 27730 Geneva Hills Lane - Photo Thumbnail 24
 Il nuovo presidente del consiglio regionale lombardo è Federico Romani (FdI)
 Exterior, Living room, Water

==

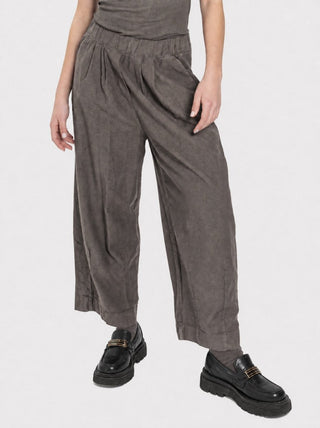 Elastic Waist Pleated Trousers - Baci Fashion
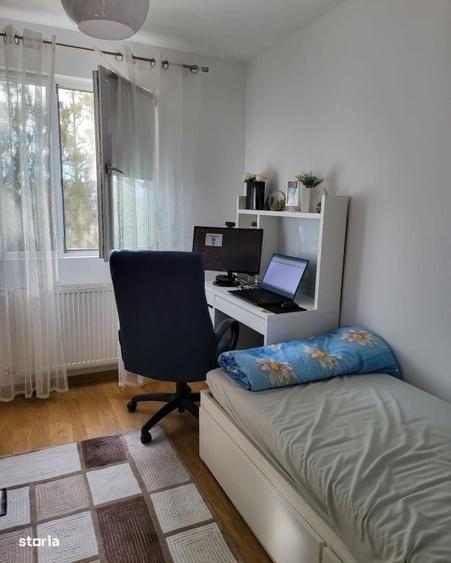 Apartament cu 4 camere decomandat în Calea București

* * *

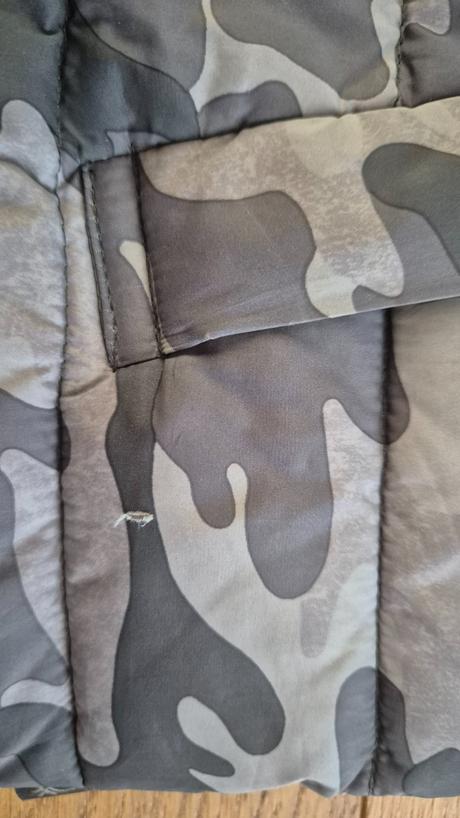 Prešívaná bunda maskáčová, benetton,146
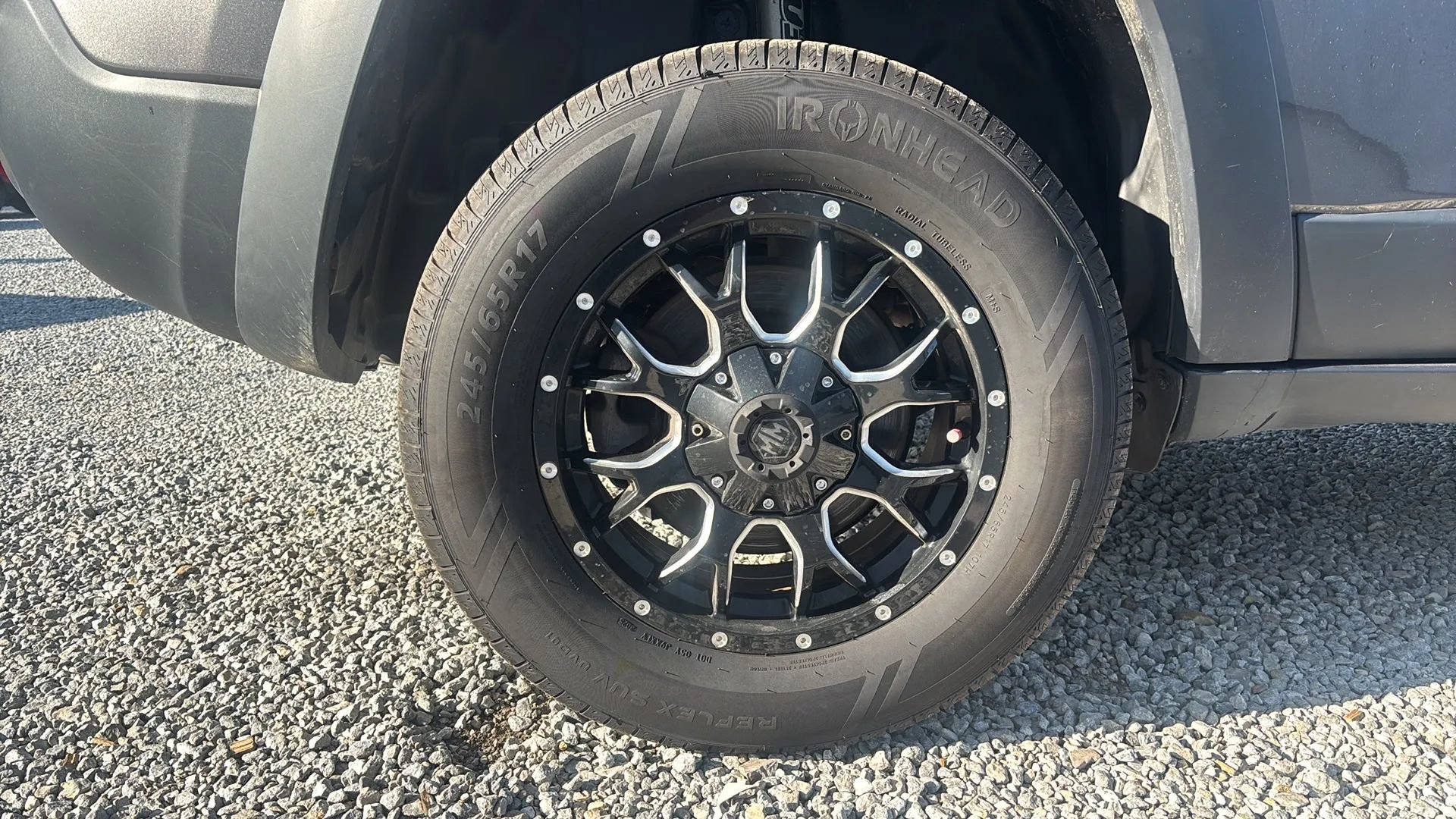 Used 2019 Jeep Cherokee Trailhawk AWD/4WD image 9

* _AIM OF THE TASK_:
Reproduce only the lines above spanning from the line containing "Il nuovo presidente" through the line containing "Exterior, Living room, Water", word for word.

* _PROBLEM SOLUTION_:
 Il nuovo presidente del consiglio regionale lombardo è Federico Romani (FdI)
 Exterior, Living room, Water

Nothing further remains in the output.